The athletes are certainly exploited and they should be compensated: the idea of a graduation bonus is long over due and after graduation the athletes ought to be paid if their images are used in video games or promotions and the like. That’s just the tip of a much bigger iceberg. I think that the profits ought to be pooled and used as a kind of permanent scholarship fund.

As the cliché goes, this would be a win-win situation. I don’t think athletes are greedy; they just want a cut. I also think that many of them would be happy to know that, along with their piece of the pie, they are helping to create opportunities for generations to come. We’d emphasize the importance of education. And we would damped the greed of couches and administrators.

Real Problems and Smoke Screens

Discussions of the for profit online education industry can be irritating, not because the sector is unjustly criticized, but because the for-profit sector’s problems are too often discussed as if they were in no way related to broader economic problems. (See this piece, as well as the comments, for some examples.) Too often, problems in the for-profit system seem like a smoke screen for the education system at large.

The internet, and the for-profit higher education system were born in the same era of lax to no government regulation in the United States. Facebook and Twitter and the University of Phoenix all took root in a certain kind of laissez-faire capitalism. That lack of government control, most would argue, is one reason why the internet is such an important economic force. Anarchy is risky but dynamic.
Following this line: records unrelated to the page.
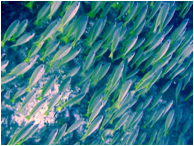 キングクルーザー・レック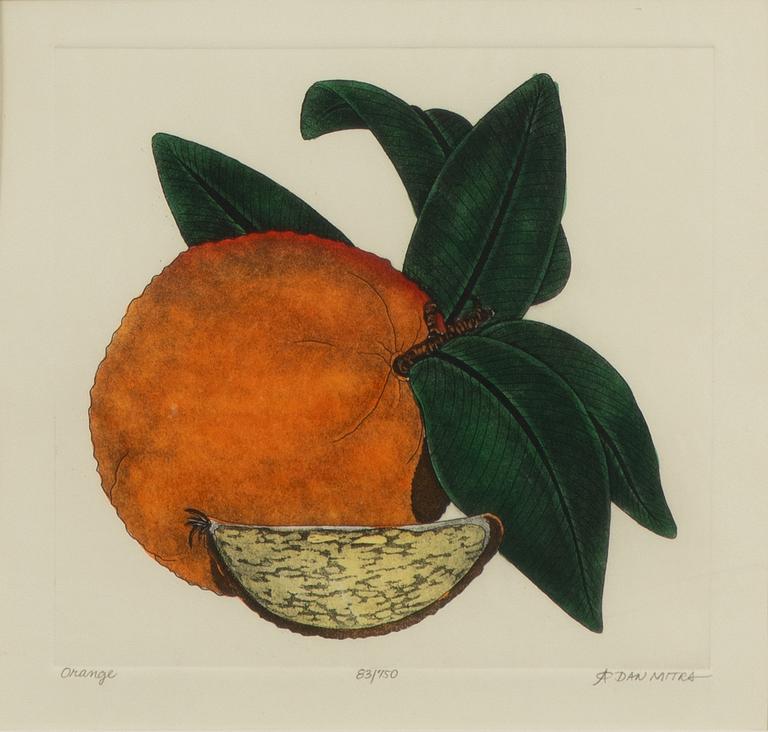 Dan Mitra, a suite of six etchings, framed together.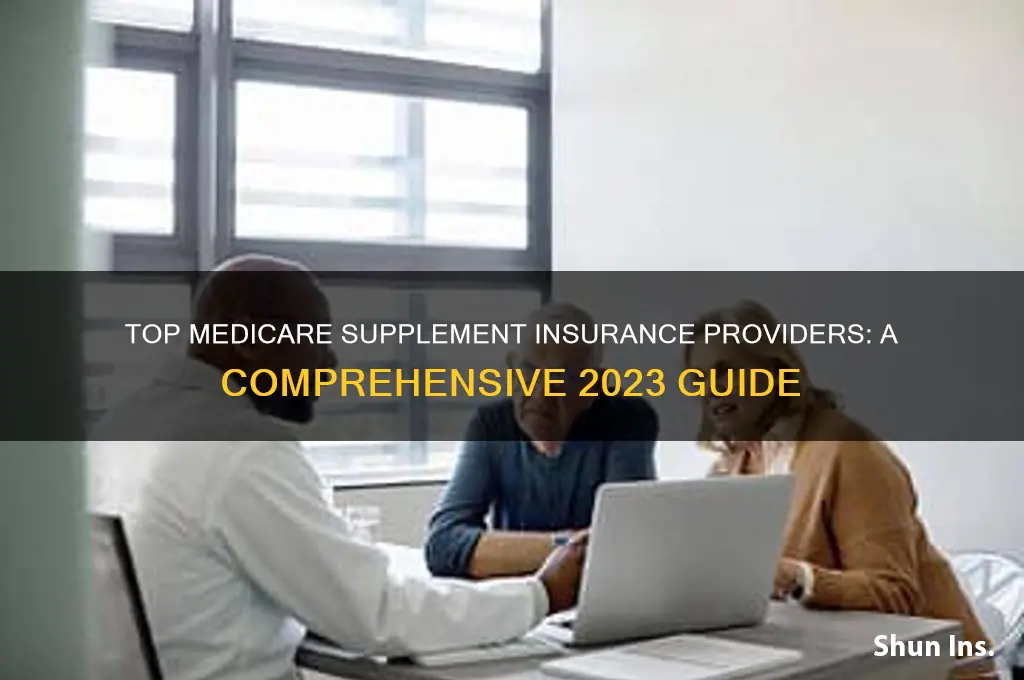 who are the top 10 medicare supplement insurance companies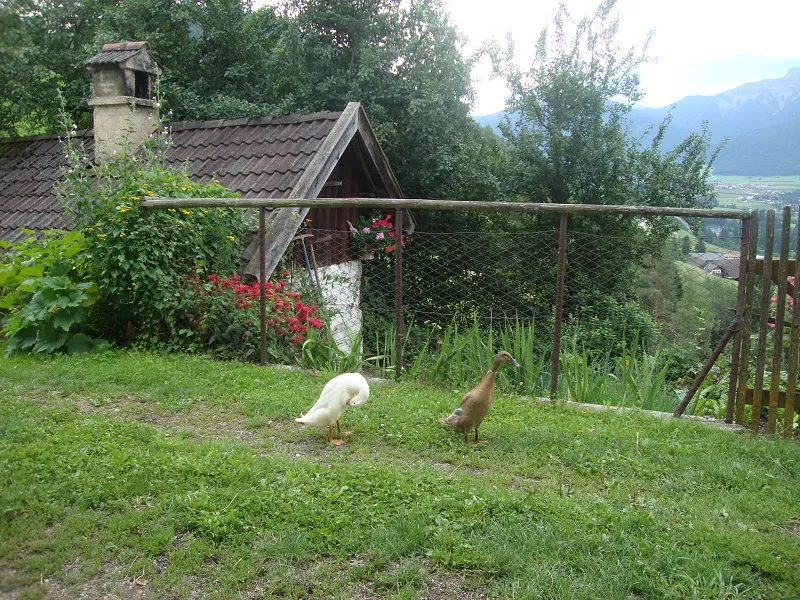 Tiere & Hofarbeit – Foto 25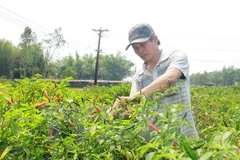 Malaysia to import chillies from Vietnam due to limited supply 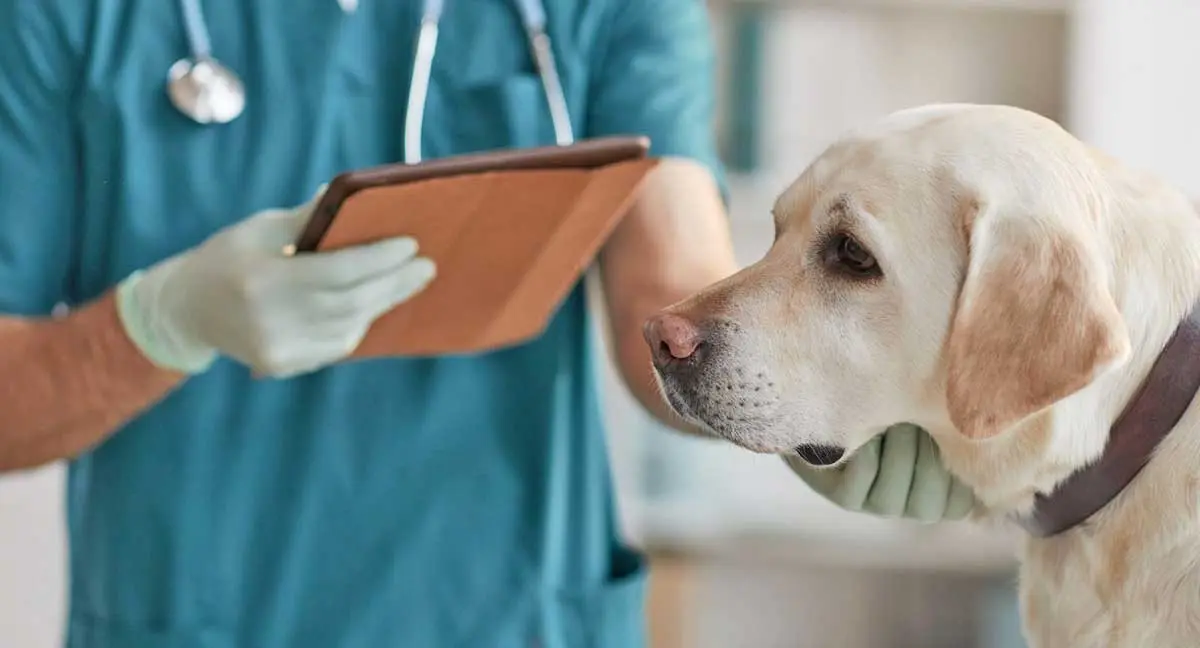 dog at vet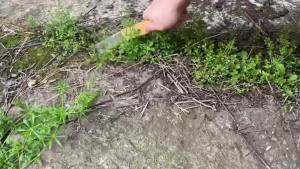 Weed removal tools: Weeding tool grass scraper grass shovel tree bark scraper rotten wood remover weed rake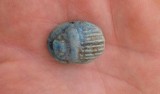 Czarnówko. Skarabeusz znaleziony w starożytnej nekopolii FOTO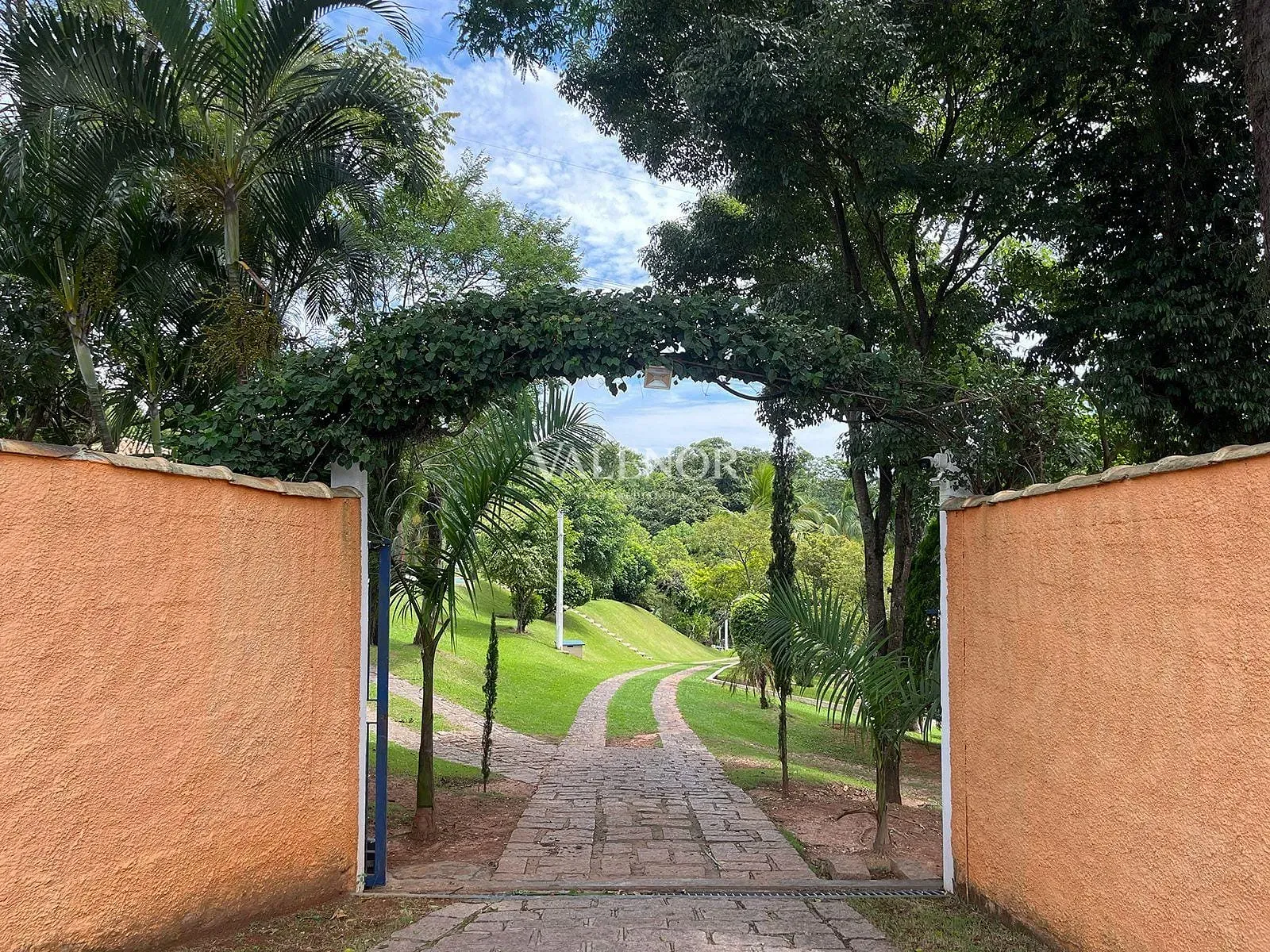 Fazenda, 5 hectares - Foto 7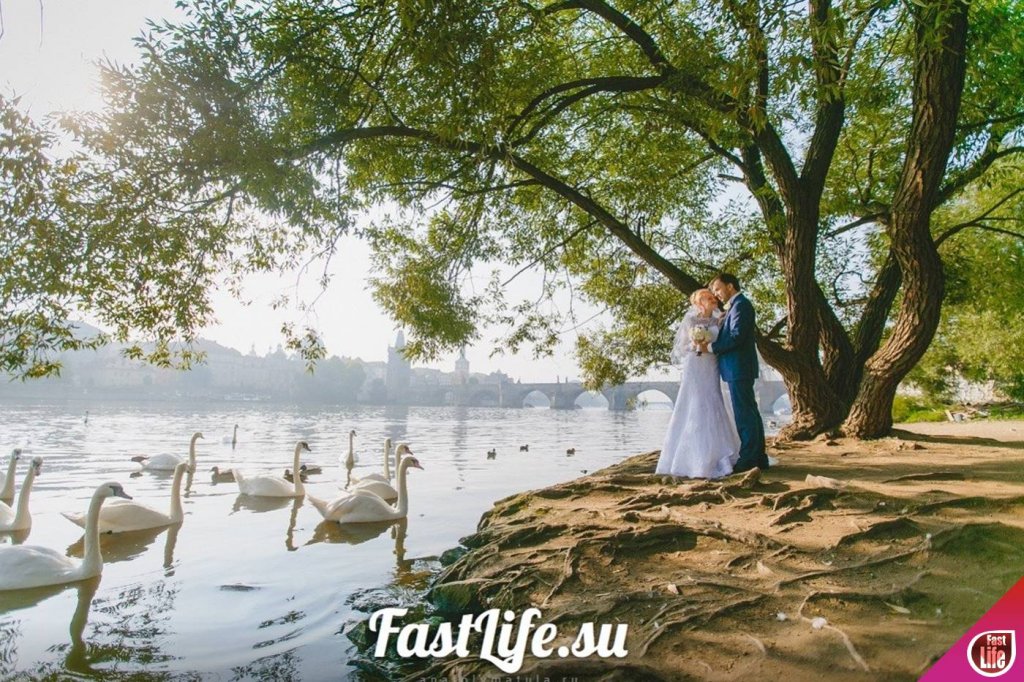 fastlife, speed dating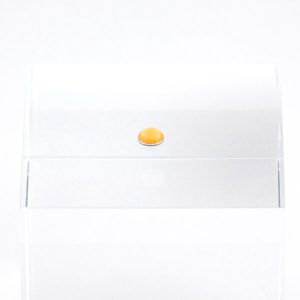 ルミドーム2 蛍光オレンジ 5.0mm（10個入）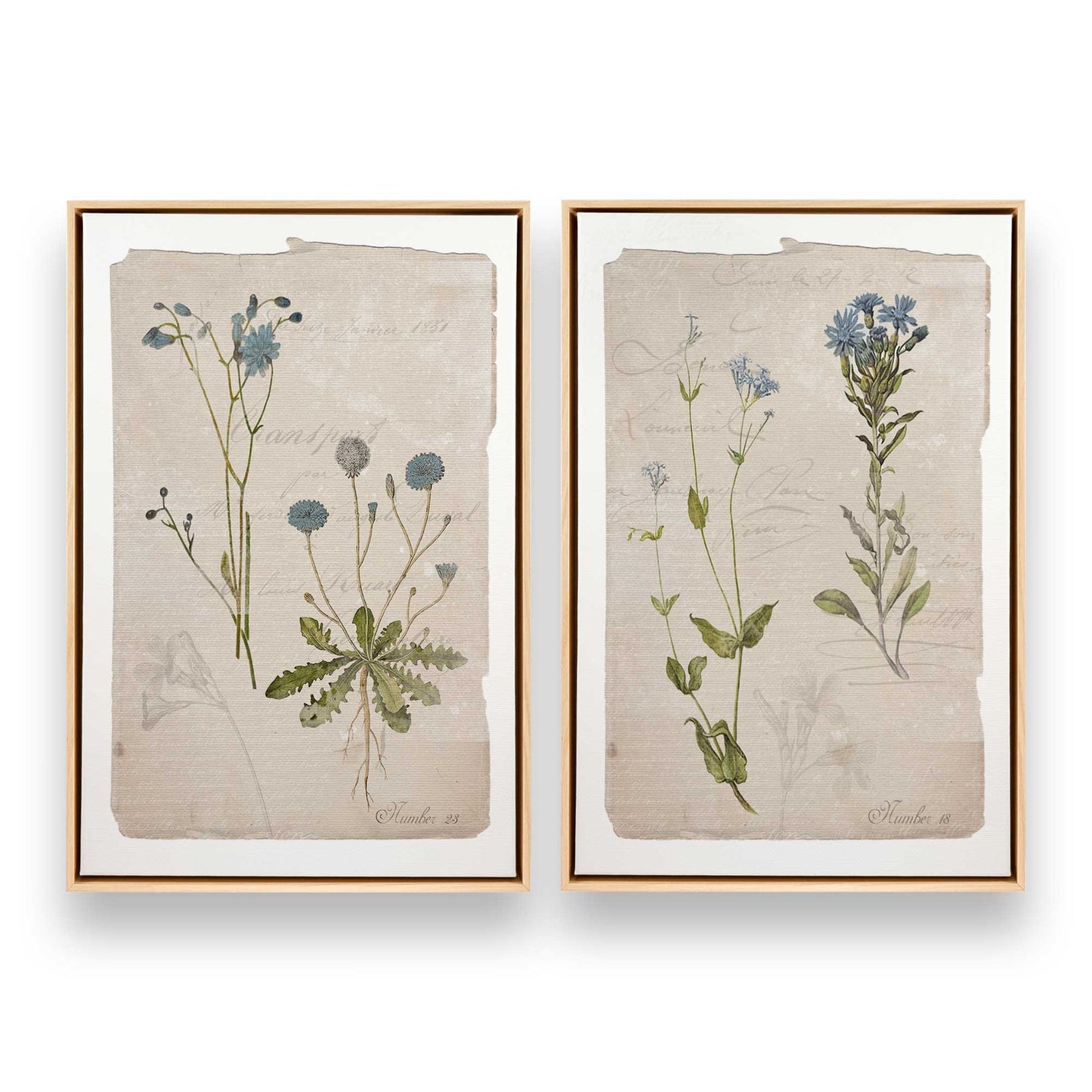 [Color:American Maple], Picture of art in a American Maple frame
Too often the emerging for-profit online education sector has fudged graduation rates and used high pressure sales tactics, to cite only the most obvious examples, in order to try to ensure its viability. These are real problems but they are also the sort of thing you find when regulations are weak; none of the internet era companies are entirely free of these problems. It’s not just the private sector, either.

This lack of regulation has distorted almost every aspect of our economic and cultural lives. I’d like to see the debates over for-profit online education use what I call a Frontline standard (the PBS documentary series). You can only understand the sorts of problems discussed in, “College, Inc.” in other words, if you also understand the sorts of problems discussed in “Money and March Madness.”